Tutto questo – continua Giuliana Scaffidi – senza avere la benché minima cura se vi siano componenti, sempre facenti parte della classe, che sono affetti da gravi patologie, fra cui proprio i disturbi dello spettro autistico. Questi messaggi passano indisturbati, senza controllo da parte della genitorialità, pertanto diventano continuativi e trovano sempre più adesioni. Tali appellativi, oggi tanto diffusi, sono diventati un “tormentone mediatico” e si sono sostituiti ai “classici” epìteti a cui tutti indistintamente siamo stati sottoposti, soffrendone”. “Appare e mi repelle – prosegue la dott.ssa Scaffidi – che “sei autistico” viene utilizzato come ingiuria e che addirittura vengano per questo usati degli Stickers”.
A tale premessa segue il racconto del caso di un ragazzino autistico, affetto dal disturbo con un alto funzionamento e, pertanto, capace di recepire l’invito alla risata e consapevole che quell’espressione è riferita proprio a lui.
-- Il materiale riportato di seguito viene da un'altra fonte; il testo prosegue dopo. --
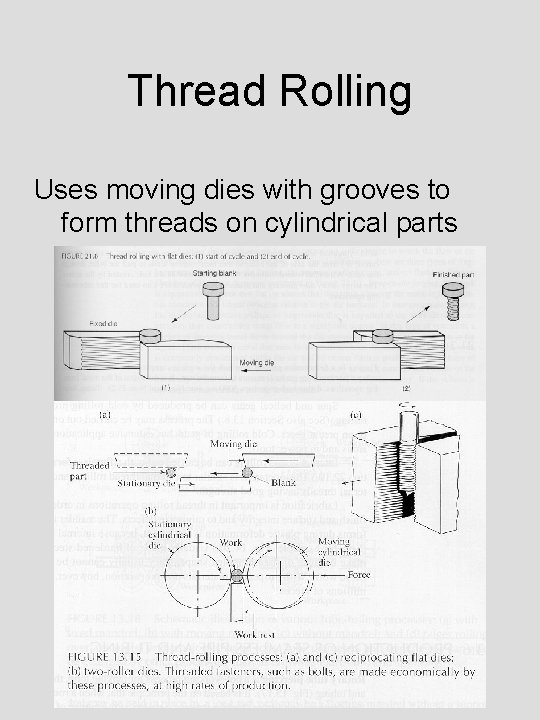 Thread Rolling Uses moving dies with grooves to form threads on cylindrical parts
Il giovanissimo alunno della scuola media inferiore fa parte del gruppo whatsapp della sua classe e giornalmente convive con questi insulti, spesso motivo di ulteriore sofferenza o, addirittura, di sentimenti di colpevolezza per la propria patologia.
“Non è ammissibile – dice ancora la dott.ssa Giuliana Scaffidi – che azioni riprovevoli passino inosservate agli occhi di chi dovrebbe vigilare, accudire, insegnare” e conclude: “Una società che condanna, che deride, che si erge a giudice, ha una grande e insostenibile pecca: quella di asserire che abbiamo fallito tutti, ognuno con il proprio ruolo”.